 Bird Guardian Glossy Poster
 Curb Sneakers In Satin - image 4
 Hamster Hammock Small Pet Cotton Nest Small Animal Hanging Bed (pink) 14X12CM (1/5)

### TASK BRIEF
Print the material once more, exactly as it appears.

### ANSWER TO THIS PROBLEM
 Bird Guardian Glossy Poster
 Curb Sneakers In Satin - image 4
 Hamster Hammock Small Pet Cotton Nest Small Animal Hanging Bed (pink) 14X12CM (1/5)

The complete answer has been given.